April 13th, 2010

Reports the Philadelphia Inquirer:

Is it possible for a pandemic to save lives?

The short answer is that it just did. Since swine flu first burst onto the scene one year ago this month, fewer Americans appear to have died of influenza-related causes than in any recent flu season.

The pandemic flu kept at bay seasonal strains that normally kill thousands of elderly people. And it did so, somehow, while not sticking around itself. The result: a winter flu season with virtually no seasonal flu, no pandemic flu, no flu of any kind, at least not yet.

“It is very eerie,” said Gregory Storch, director of the infectious diseases division at St. Louis Children’s Hospital.

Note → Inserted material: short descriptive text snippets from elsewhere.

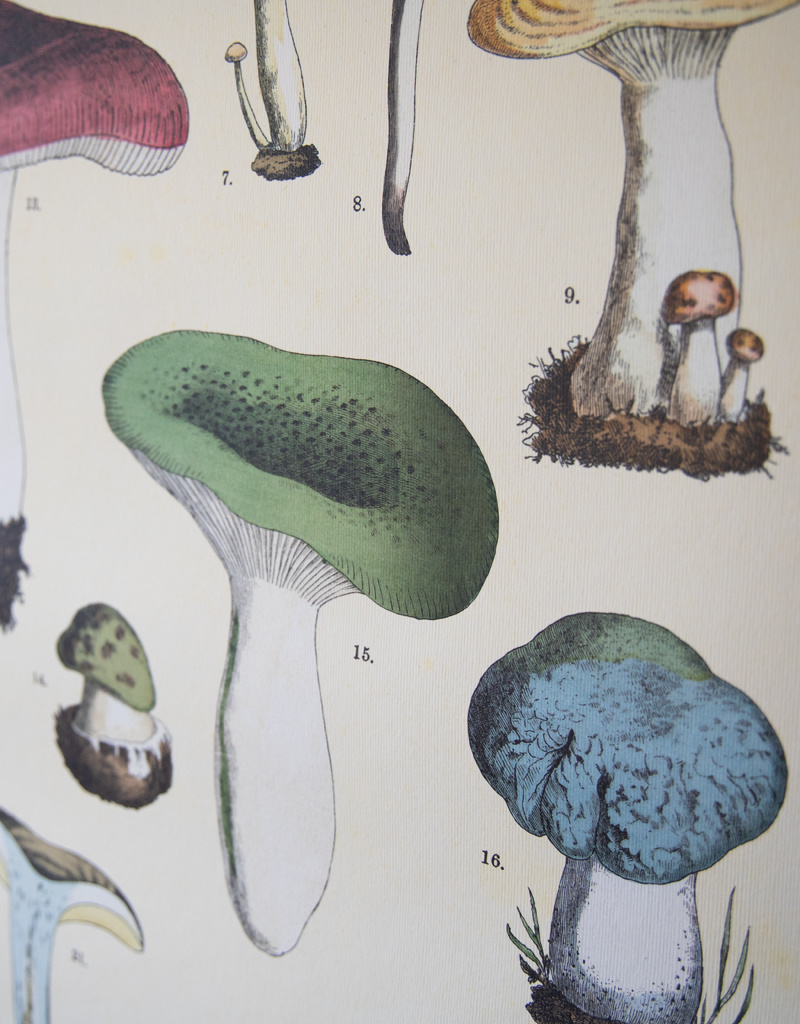 Cavallini Mushrooms School Chart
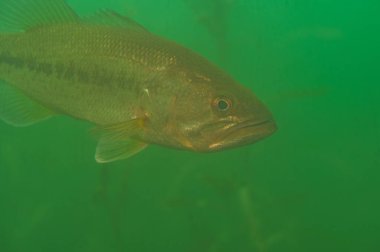 Büyük ağızlı levrek, bulanık yeşil bir gölde suyun altında yüzüyor.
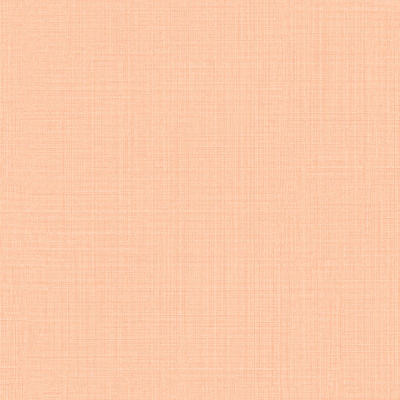 Обои JR1004 Grandeco Jack n Rose Junior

But before you get all giddy with pandemic appreciation, consider the following:

No one knows why swine flu didn’t return this winter. (Handwashing and vaccination probably helped but don’t fully explain what happened.) Flus of pandemics past have always come back; it was just a question of when and how severe. And it could well be that as more months pass without any strains of flu, fewer people are developing immunity against them – and could get sicker next season.

As for the lower death toll, raw numbers don’t tell the whole story. Yes, very few people died this winter, suppressing the yearlong tally. But the victims, mainly last spring and fall, were nearly all younger people with much of their lives ahead of them. In actuarial terms, this pandemic may turn out to have been more harmful than it seems.

Find out much more.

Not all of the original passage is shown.